Secondly, the film adaptation of Nimona — which was as close to complete as you can get — was killed by those rat bastard cowards at Disney earlier this year and has as much chance of ever seeing daylight as Let’s Get Francis¹.

Thirdly, and for our purposes here today most importantly, we have to broaden our viewpoints beyond equating webcomics with [North] American (or possibly English-language) webcomics, as the two are not equivalent.

In this respect, we at Fleen are lucky to have a pair of resources to bring us wider perspectives²: Fleen Senior French Correspondent Pierre Lebeaupin and the invaluable Ryan Estrada. The former could tell of comics creators who’ve worked in the milieu of BD web alongside print, and have seen work adapted to film: Joséphine, The Rabbi’s Cat, The Big Bad Fox³, and numerous others. But maybe not what you were looking for, since they aren’t directly taken from webcomics.

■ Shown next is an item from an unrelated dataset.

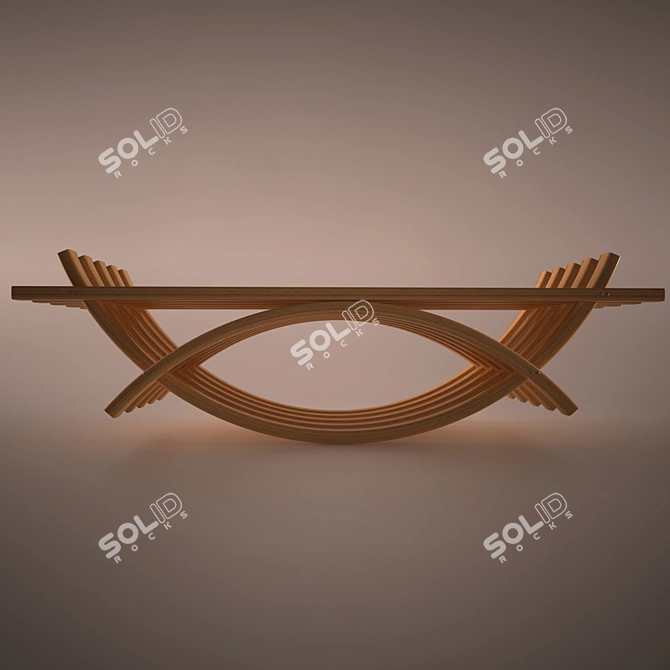 Ethnic Wooden Bench 3D model image 2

So let us look to the other side of the globe, and South Korea; webcomics are a much, much bigger deal there than we can comprehend, occupying a niche convergent with manhwa and fully equivalent to the manga industry in Japan. There are so many webcomics that hit widespread popular consciousness off the major aggregators that movies are inevitable; in fact, Estrada gave us a list of 13 of them more than seven years ago; heck, Estrada tells us right at the beginning that Kangfull is a Korean webcomic artist who has had just as many film adaptations of his work as JK Rowling.

Fleen doesn’t have correspondents in Japan or China, and doubtless there are webtoon aggregators in each country sending comics to movies, but I was able to find two after a short search: Nigakute Amai from Japan, and Go Away, Mr Tumor from China (the latter chosen as China’s submission for Best Foreign Language Film consideration at the 2015 Oscars).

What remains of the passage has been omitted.